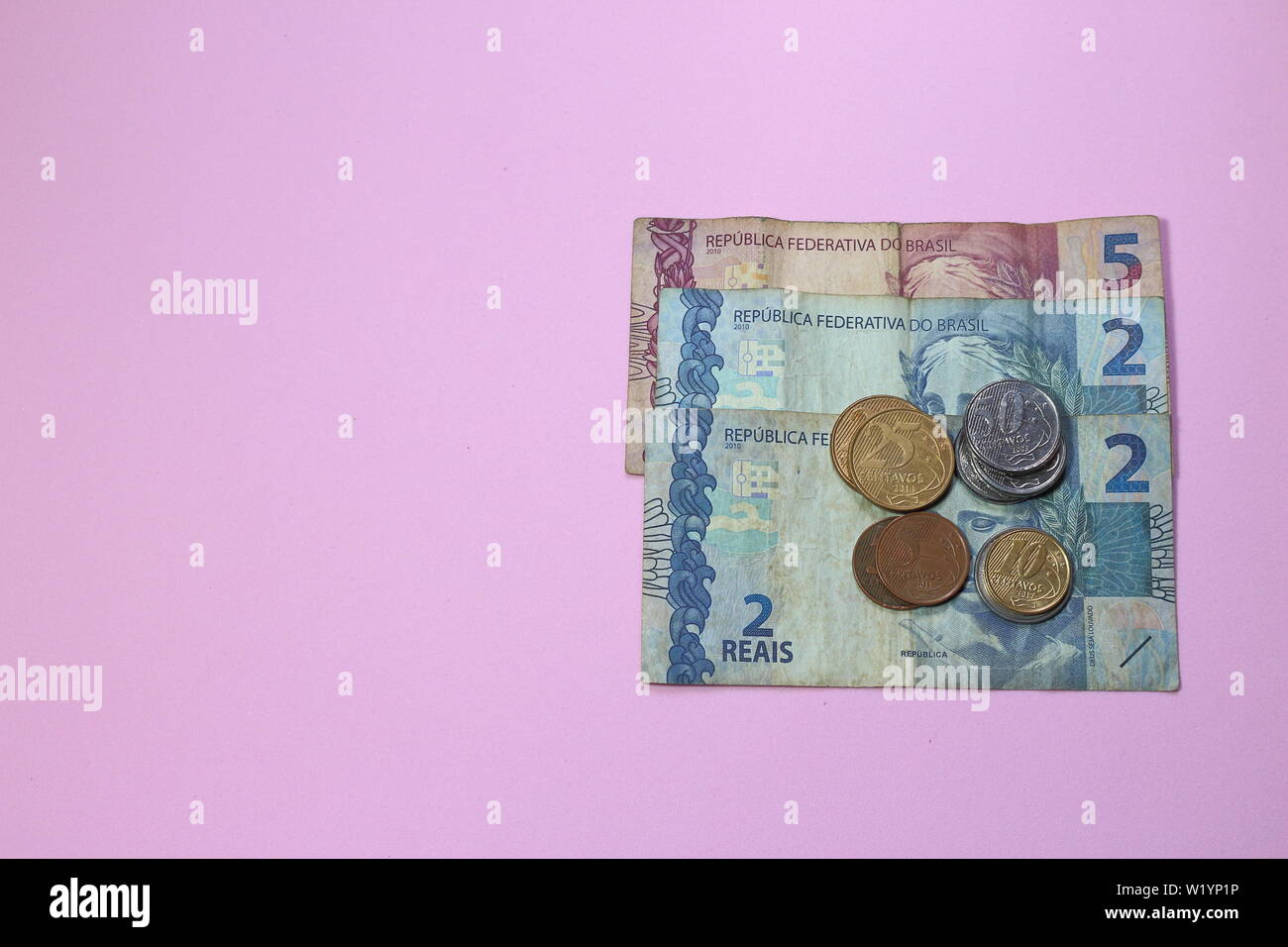 Pile de faible valeur de l'argent brésilien sur fond rose avec copie espace pour le texte. L'argent d'économie au Brésil est difficile pour la génération du nouveau millénaire. La manière de procéder ? Banque D'Images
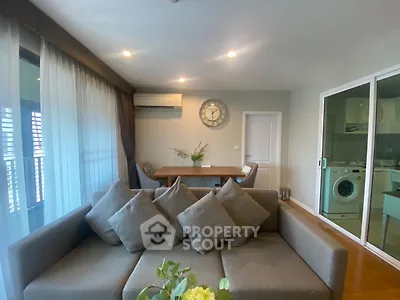 Modern living room with cozy sofa, dining area, and view into kitchen with washing machine.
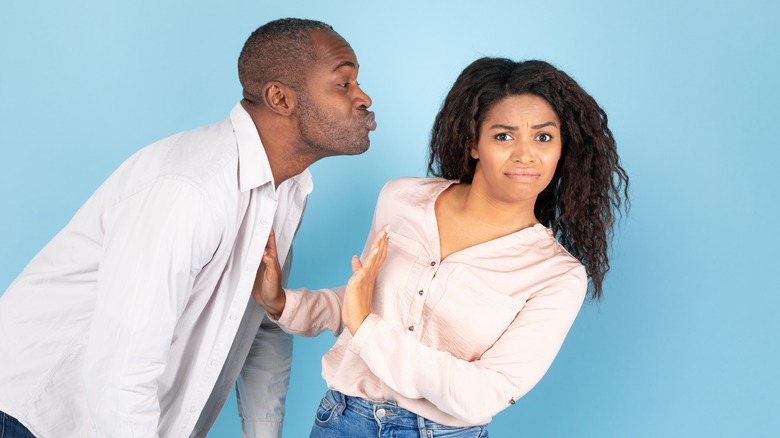 Woman rejecting a kiss from man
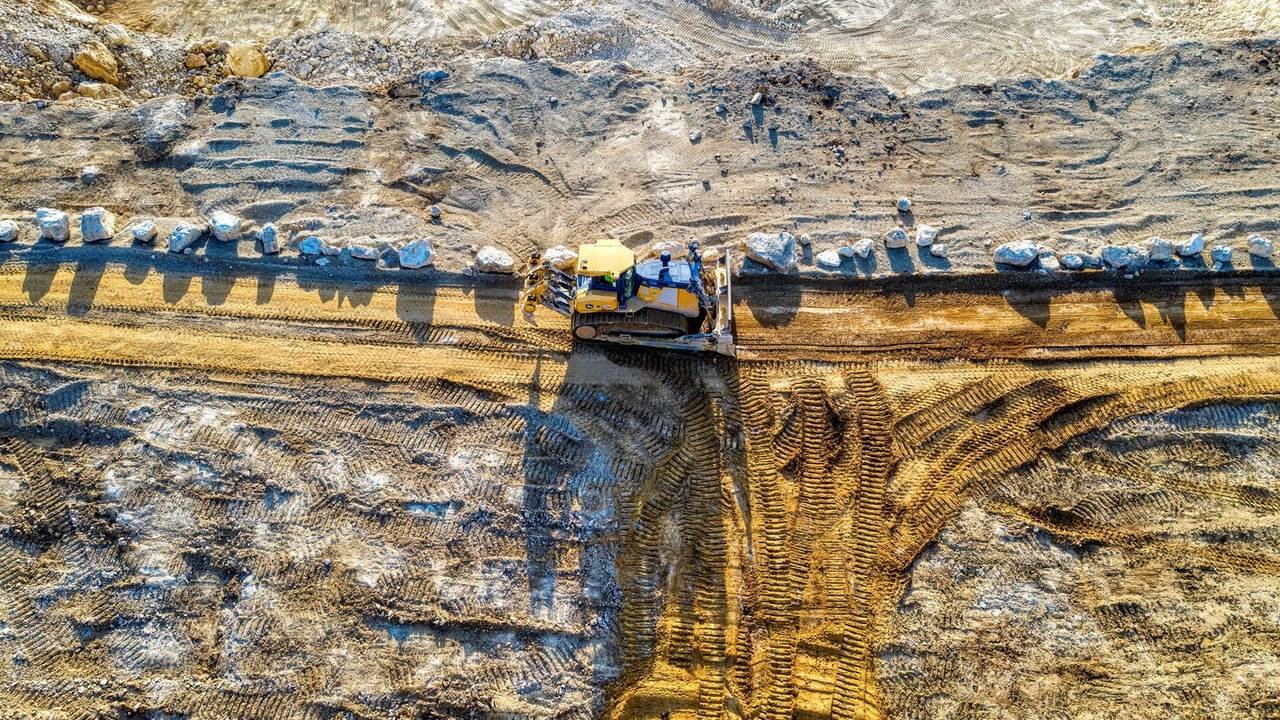 Vista aérea de una topadora en plena tarea sobre terreno arenoso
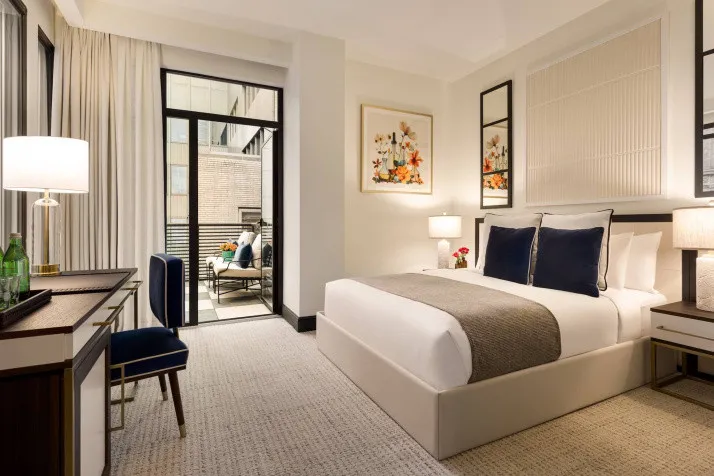 Our elegant New York City hotel rooms feature white bedding and natural lighting
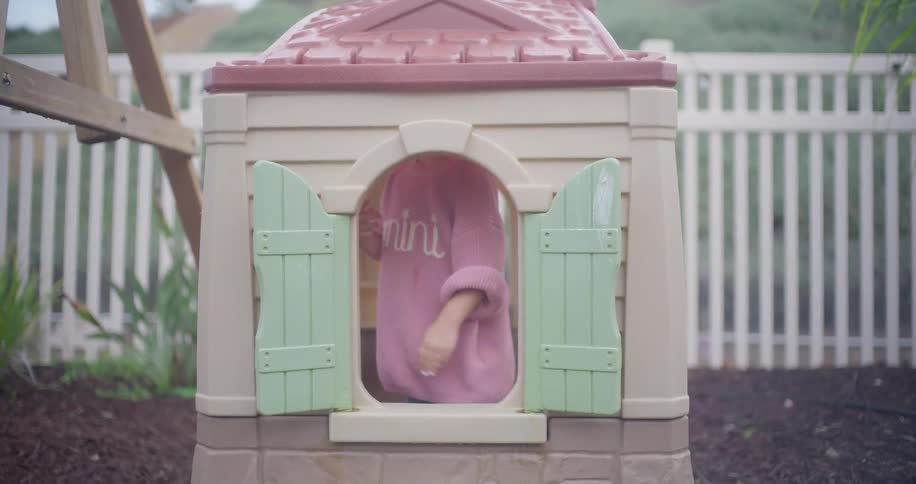 An adorable little girl in a pink sweater plays in her backyard playhouse, holding up a treat and smiling from the window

##############################

TASK:
Omit every picture, then reproduce the rest of the listing exactly.

EXERCISE SOLUTION:
 Pile de faible valeur de l'argent brésilien sur fond rose avec copie espace pour le texte. L'argent d'économie au Brésil est difficile pour la génération du nouveau millénaire. La manière de procéder ? Banque D'Images
 Modern living room with cozy sofa, dining area, and view into kitchen with washing machine.
 Woman rejecting a kiss from man
 Vista aérea de una topadora en plena tarea sobre terreno arenoso
 Our elegant New York City hotel rooms feature white bedding and natural lighting
 An adorable little girl in a pink sweater plays in her backyard playhouse, holding up a treat and smiling from the window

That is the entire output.